Hi all,
The arm-none-eabi-gdb binary in the windows 12.3.rel1 release is built with a debug configuration. The binary file is 263MB (contains symbols) whereas previous versions were around 6MB. I'm hoping ARM will see this and fix it for the next release :)
Cheers
David
Hi,
Our arm-none-eabi toolchain releases of GCC 11 and later come from a different infrastructure, where the binaries were not stripped, and we have kept it that way with the view that the symbols will provide useful debug information if there are errors.

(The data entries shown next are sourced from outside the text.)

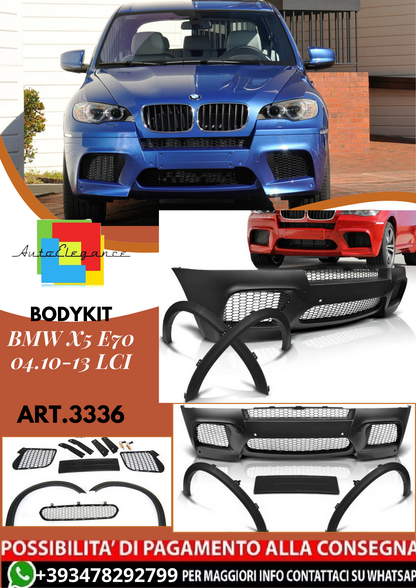 💥ART.3336 BODYKIT SPORT adatto per BMW X5 E70 04.10-13 LCI💥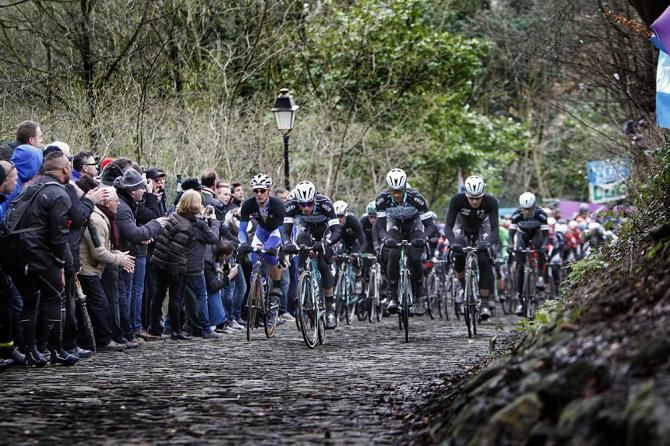 The peloton on the climbs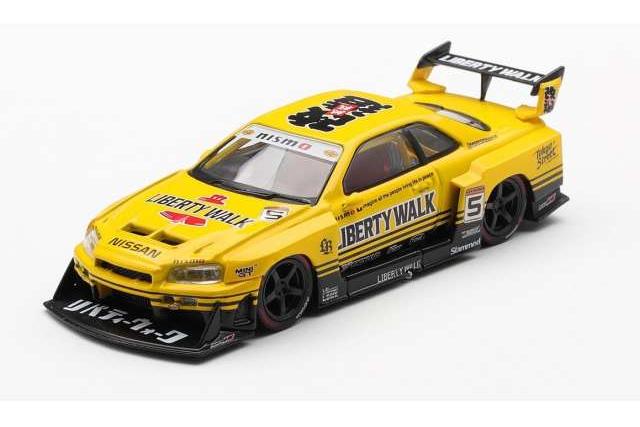 1:64 NISSAN GTR (R34) Skyline Super Silhouette Sport (2025), yellow - MGT01182R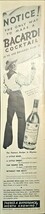 Bacardi Cocktail Rum Cowboy Supreme Court Ruling Sour Sweet 1940 VTG Pri... - $13.32 CAD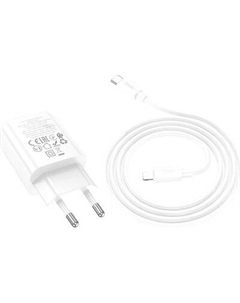 Зарядное устройство сетевое Hoco N62 с кабелем Lightning-Type-C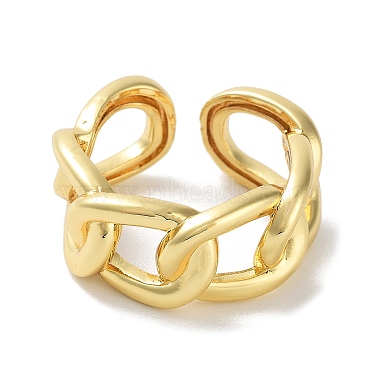 anillos abiertos de latón para mujer(RJEW-E292-19G)-2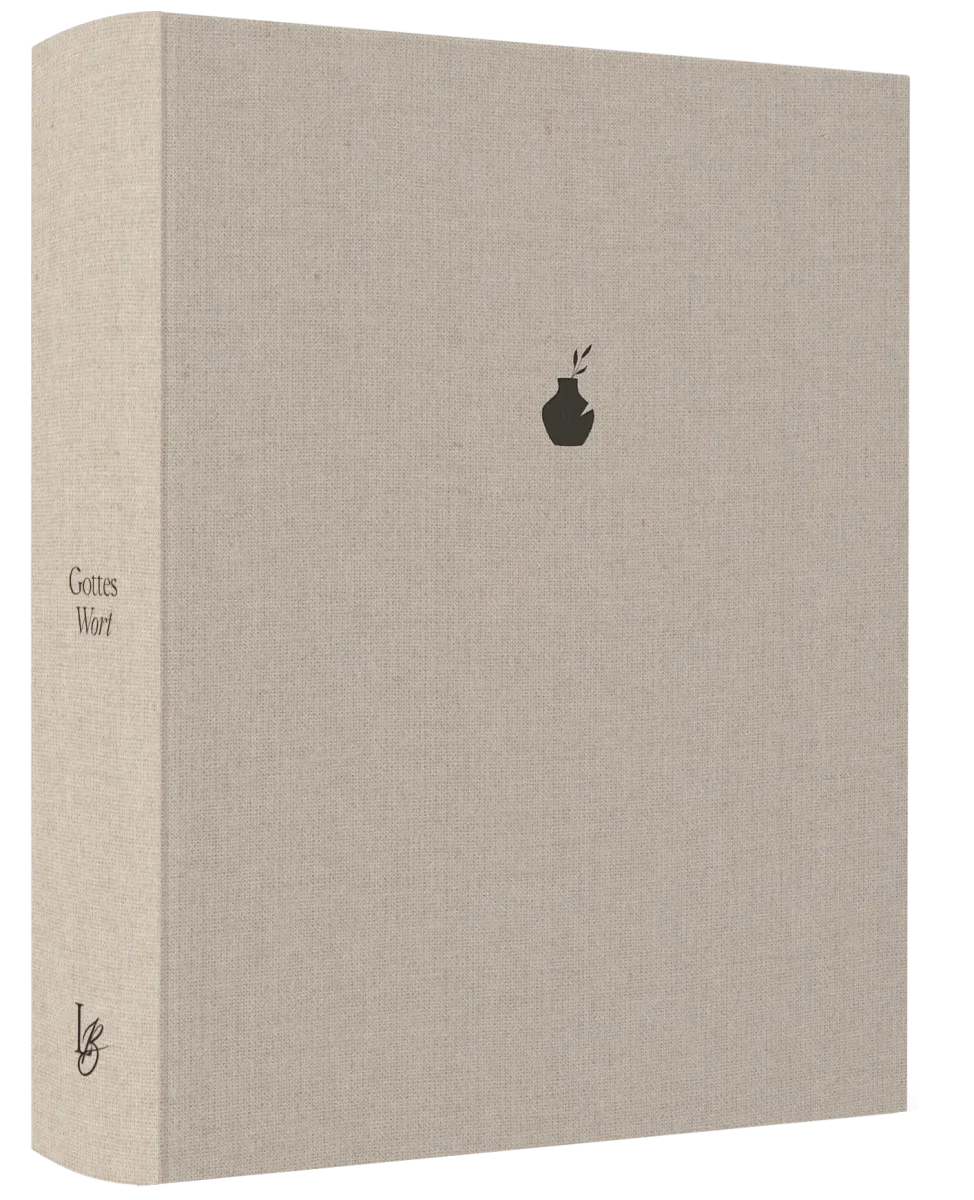 NeÜ bibel.heute Liebezurbibel (Schreibrandbibel STONE) - Leinen Hardcover, mit Schreibrand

It is not clear to us yet how many users would prefer leaving the symbols in there Vs how many users would prefer removing the symbols. Is the larger file size causing issues in your case?
We would listen to more feedback and information from our users, to help us decide whether we should remove the symbols from the binaries.
Kind regards
Vasee
Hi Vasee,
Thank you for your reply.
If it was just a case of symbols in the binaries, I would not have raised it. This is clearly a defect in your build/deployment process. It only effects arm-none-eabi-gdb.exe. All other binaries have been built correctly i.e. using a 'release' configuration (no symbols and compiler optimizations enabled).
The main problem isn't the symbols in the gdb binary, it is the speed. Since it was built with a debug configuration, it was not compiled with compiler optimizations enabled. It runs considerably slower than the previous versions (gcc 10). E.g when reading a large ELF file, it was normally instantaneous, but now it is taking over 20 seconds. This has been raised before - see
https://community.arm.com/support-forums/f/compilers-and-libraries-forum/54939/the-latest-arm-none-eabi-gdb-version-12-3-rel1-takes-20-seconds-reading-symbols-from-elf-file
You can easily test it yourself. Compare the time arm-none-eabi-gdb.exe v10 and v12.3 take to read a large ELF file. The later one takes magnitudes longer. It is not because the functionality has changed, but because it wasn't built with compiler optimizations.